Once the hearing officer has made a recommendation, the director of the Division of Water Quality will have 90 days to decide whether to issue, modify or deny the permits, according to materials distributed at the hearing. Thursday, Aug. 17, is the final day for members of the public to submit written comments.
Numerous members of Laurel Valley Watch, a local nonprofit citizens’ group, turned out in opposition to the plant. “I was baptized in the creeks,” said Nina Fox-Holladay. “Now I am lucky enough to have three granddaughters who love to play in the creek. There are kids playing there every day.”
Many people said they didn’t believe it would be feasible for the tiny creek to support so much discharge. Bruce McTaggart, who said his background is in civil engineering and mathematics, appeared with a 13-foot measuring stick to demonstrate the creek’s width at the widest section he could find, and a Hula-Hoop to indicate how much water typically flows through it. “Can it stand the 300,000 gallons a day that they’re proposing?” he asked. “Personally, I don’t think so.”

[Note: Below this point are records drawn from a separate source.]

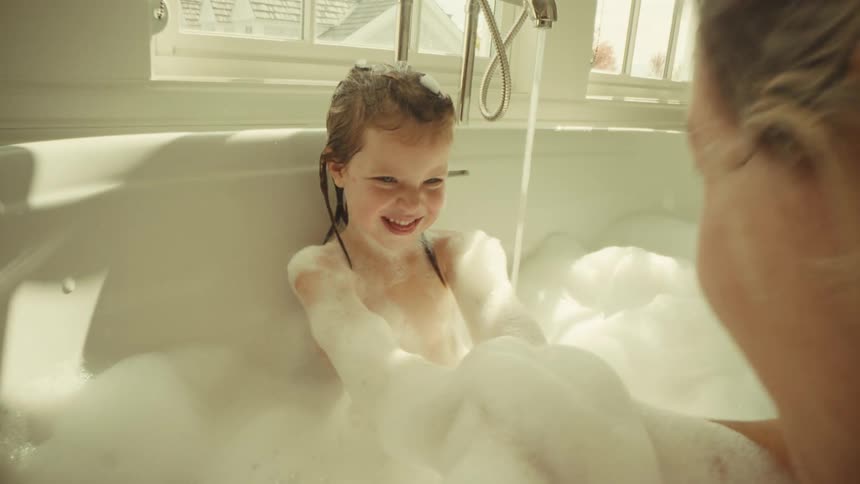 A happy little girl with wet hair plays in a bubble bath smiling at the camera as a woman bathes her near a bright window
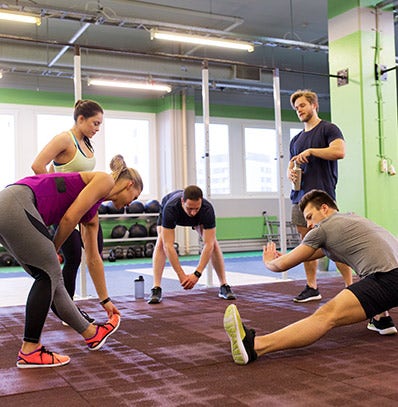 A group of people stretching together. 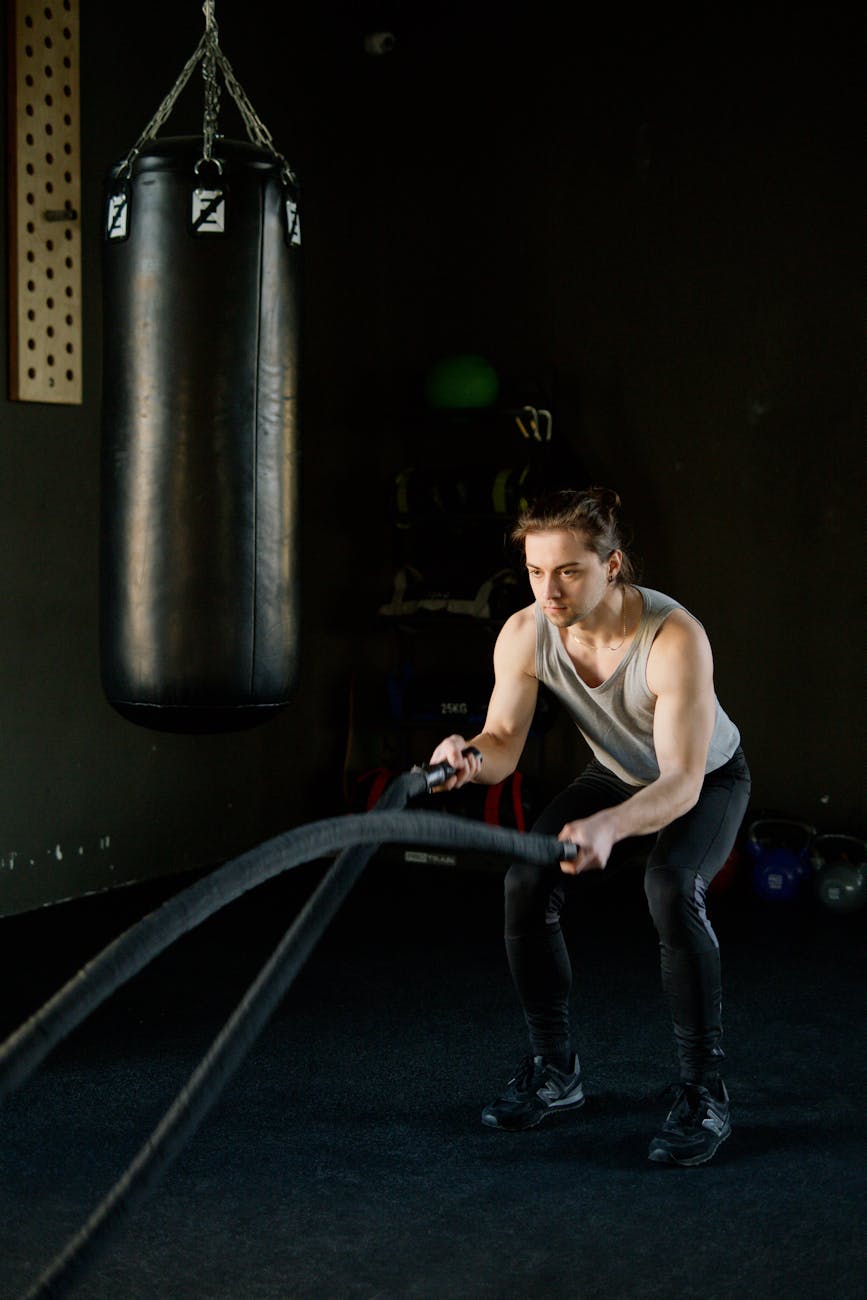A young man in a gym, performing a battle rope exercise. He is wearing a tank top and black leggings, and is holding a black ...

Also represented at the hearing were two local nonprofits, the WNC Alliance and Clean Water for North Carolina. “The applicants for both of these permits have a bad track record of violations with the Division of Land Quality, Division of Water Quality, and the Madison County Health Department,” said Gracia O’Neill, outreach coordinator of Clean Water for North Carolina, at a press conference before the hearing.
According to documents from the Department of Environment and Natural Resources, environmental nonprofits aren’t the only ones taking notice of the developers’ string of past violations. An April 7 DENR staff report states: “The existing restaurant/lodge is in violation of existing permits for multiple infractions as per Madison County Health Department and State Attorney Mable Bullock. The Breakaway Village, which proposes 340 units and expects to take half the flow capacity of the plant, is in violation of both NCDENR Land Quality and Division of Water Quality regulations.”
In a June 13 e-mail that hearing officer Steve Tedder sent to Roger Edwards in the Division of Water Quality’s Swannanoa office, Tedder said that he was aware of the developer’s unresolved health-code violations. “Why would I not infer that similar actions would occur regarding DWQ oversight?” the e-mail reads.
Steve Sloan, who serves on the Buncombe County Environmental Advisory Board, said during the hearing that he believes granting a permit for the Puncheon Fork plant would amount to delivering a “stinging salt to the wound” for Madison County. “As long as our mountain resources are viewed as a commodity, and as long as short-term economic gains trump long-term sustainability, my heart goes out to the citizens of this community,” said Sloan. “Personally, I’m astonished … that this permit is even being considered.”